Bangladeshi cricket team

Khelaghar Samaj Kallyan Samity is a Bangladeshi cricket team that has played List A cricket in the Dhaka Premier League in 2013–14, 2016–17, 2017–18 and 2021–22. Its name translates as "Khelaghar Social Welfare Association". Khelaghar is a patriotic youth cultural organization founded in Dacca in 1952, which has over 500 branches around Bangladesh.

==Playing history==
In the inaugural List A status season of the League in 2013–14, captained by Faisal Hossain, Khelaghar Samaj Kallyan Samity finished last, with one win from 10 matches, and were relegated.

In 2014–15, in the non-List-A Dhaka First Division Cricket League, Khelaghar Samaj Kallyan Samity finished sixth with eight wins and eight losses; in 2015–16 they finished first in Group B of the Dhaka First Division League, and were promoted back to the Dhaka Premier League for 2016–17, captained by Nafees Iqbal. He also captained the team in 2017–18.

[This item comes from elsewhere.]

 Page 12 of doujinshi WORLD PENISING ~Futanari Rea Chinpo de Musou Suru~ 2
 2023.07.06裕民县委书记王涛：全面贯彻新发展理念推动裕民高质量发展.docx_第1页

In March 2018, they reached the Super League section of the 2017–18 Dhaka Premier Division Cricket League. It was the first time the team had reached that section of the competition. In the 2021–22 competition they finished last, and were relegated again. They finished runners-up in the 2022–23 Dhaka First Division Cricket League, and were due to be promoted back to the Dhaka Premier Division Cricket League for the 2023–24 competition. However, in the event they remained in the First Division for 2023–24, replaced in the Premier Division by Partex Sporting Club.

===List A record===
- 2013–14: 10 matches, won 1, finished last (twelfth)
- 2016–17: 13 matches, won 5, finished tenth
- 2017–18: 16 matches, won 8, finished fifth
- 2018–19: 11 matches, won 3, finished ninth
- 2021–22: 12 matches, won 2, finished last (eleventh)

==Records==
Khelaghar Samaj Kallyan Samity's highest individual List A score is 116 by Robiul Islam Robi against Legends of Rupganj in 2017–18. The best bowling figures are 6 for 18 by Tanvir Islam against Partex Sporting Club in 2016–17.